▶ Task requirements:
Return every line from the one with "Show product details" through the one with "Tran Thuc Homestay-Ba Be Buitenkant foto", inclusive, exactly as it appears below.

▶ Dataset extract:

* * *

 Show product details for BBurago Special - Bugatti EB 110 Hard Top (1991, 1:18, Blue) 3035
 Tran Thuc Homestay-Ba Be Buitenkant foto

* * *

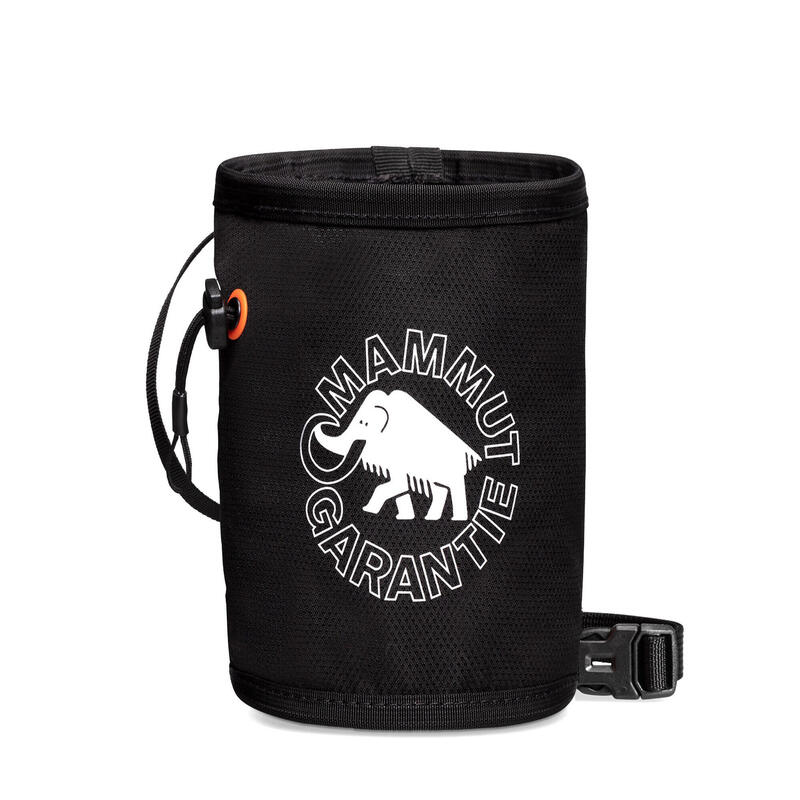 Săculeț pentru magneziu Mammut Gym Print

* * *

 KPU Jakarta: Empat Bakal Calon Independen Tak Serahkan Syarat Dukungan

* * *

▶ Written answer:
 Show product details for BBurago Special - Bugatti EB 110 Hard Top (1991, 1:18, Blue) 3035
 Tran Thuc Homestay-Ba Be Buitenkant foto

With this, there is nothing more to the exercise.